I enjoyed the chili on a bench as I watched more passersby, many of whom were burdened with shopping bags. Their leisure was enviable. Then it was a short ride to the Wilder home. Mrs. Wilder answered the door almost immediately. She had a very pleasant face with a friendly expression, but such sad eyes. Larry’s mother looked older than I expected she would be, but an ordeal like the one she’d been through and was still experiencing can really age a person. We’ve all seen it too many times.
I was shoving out the badge when she said, “Detective Dunbar? Please come in.”
What if I hadn’t been Detective Dunbar? People are too loose about security. I didn’t say anything—it would have been like salt in a wound. “Yes. Mrs. Wilder?”
“Come in, please.” She offered a hand. “I’m glad to meet you,” she said pleasantly. So gracious and polite. Once I was in the living room, my eyes went straight to a family photograph on the small grand piano tucked into one corner. Mother and father, and four kids. The blond one, Larry, was the smallest, probably the youngest.

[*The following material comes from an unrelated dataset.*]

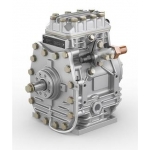 Компрессор открытого типа GEA Bock FK30/235K
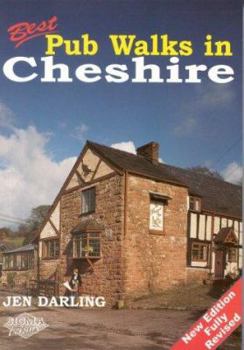 Paperback Best Pub Walks in Cheshire Book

This mother, like all the others, would be heaping tons of guilt on herself for this—Larry was her baby, and we’re all a lot looser on discipline and vigilance with our youngest children than with our oldest. Of course we mess up our oldest children with overkill, but by the time the youngest comes along, we’re relaxed pros with all the right answers. She’d probably been more inclined to let Larry do things unsupervised than when she was a new parent.
I eased toward the piano and pointed at the photograph. “May I?”
“Please,” she said.
My finger came to rest on Larry’s chest. “He looks a little different here than in the photo you gave us.”
“I know. That one was more accurate, though. He hates to have his picture taken, so he never looks quite like himself when we pose. That’s why I gave Detective Donnolly the candid. It looks more like the real Larry.”
“Ah. Typical of the age, I think.”
“Yes,” she said quietly. “And these are my other kids.”
Her surviving kids, I thought. I berated myself for that negativity as she identified two boys and a girl, whose names I promptly forgot because I would never need to know them again. But their ages were of interest and potential value to me.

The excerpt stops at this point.